One Week Left! One Hour Design Challenge: The Future of Digital Reading
Posted in: UncategorizedOur current One Hour Design Challenge, The Future of Digital Reading, closes in just one week. The entries are rolling in, but we want to encourage all of you to take a stab at designing for this emerging cultural phenomenon. To give you some real traction, we’ve teamed up with Portigal Consulting, who have offered up the research generated by their Reading Ahead project as a foundation for your work.
This challenge asks that your project include the sensual; support the social side of reading; consider the varied rituals of reading; and develop an ecosystem around your proposed product. We’ve already cited lunchbreath’s Kindle as a shining example, but here are a few others to get you in the mindset.
Oh, and did we mention this One Hour Design Challenge is actually 90 minutes?
skrbnp2009 has made some nice observations about how sharing books is a part of the culture of reading. In order to encourage this behavior with digital books, the user can “lend” books to others through a bump function, transferring the text for a specific amount of time, and most importantly, requiring the readers to interact physically, just as you would when lending a paper book to a friend. Here, a constraint on digital technology is used in lieu of a material object to encourage the continuation of trading and lending in person, a valuable social interaction that might otherwise be lost.
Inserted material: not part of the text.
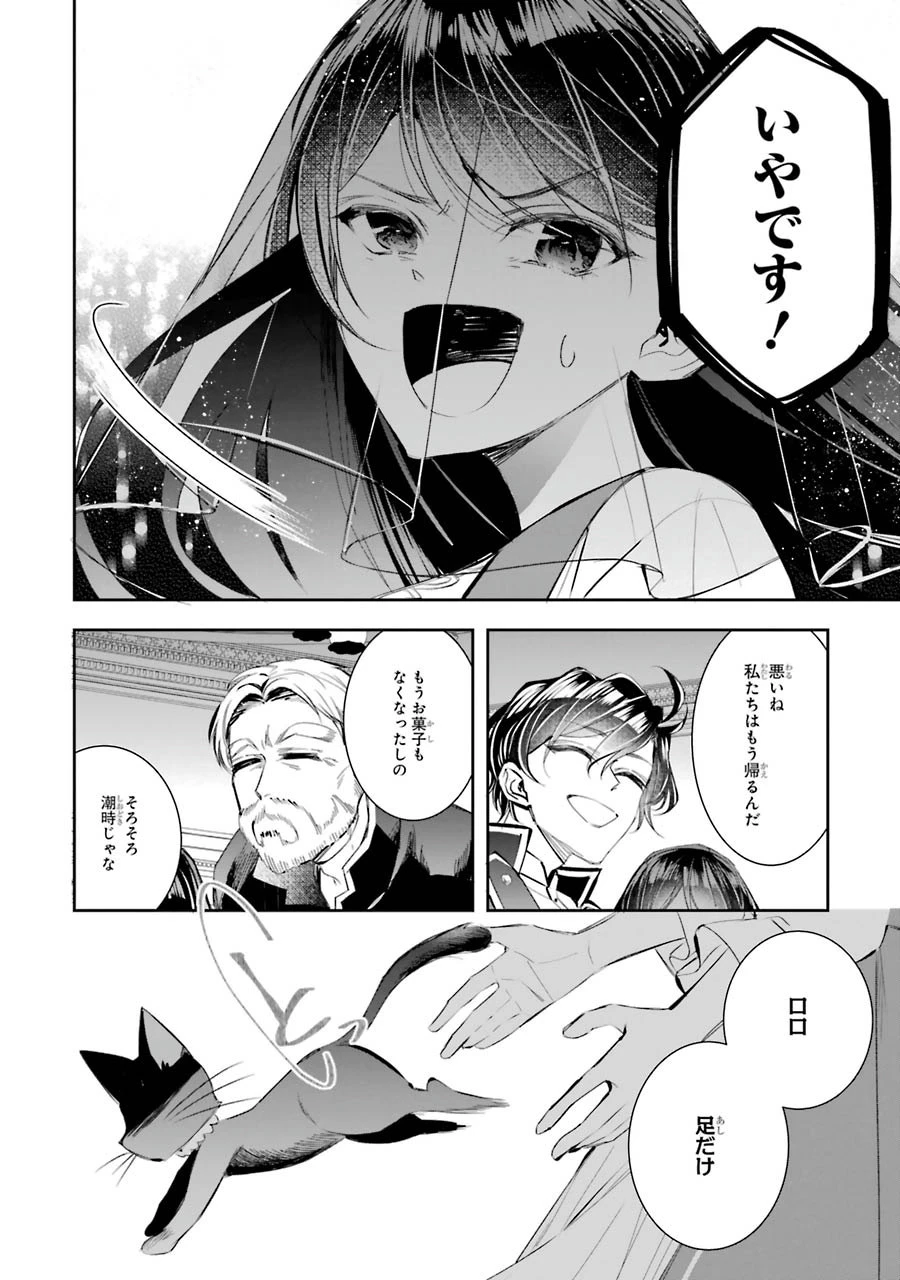 Apparently 本该是圣女，却被顶替了 聖女のはずが、どうやら乗っ取られました 성녀였는데 어째선지 아니게 되었습니다 第6話 - 4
Cameron maintains that “no device can properly mimic the analog reading experience.” Instead of going completely digital, he seeks to reconcile the benefits of both mediums through the Gutenberg Local/Global Bookmaker, a printing press that takes advantage of the connectivity of the digital realm, while still allowing users to output tangible objects. In this way, books can still be tangibly collected and experienced, but in a way that bypasses limited distribution channels and takes advantage of the digital, open-source model to disseminate and collect information.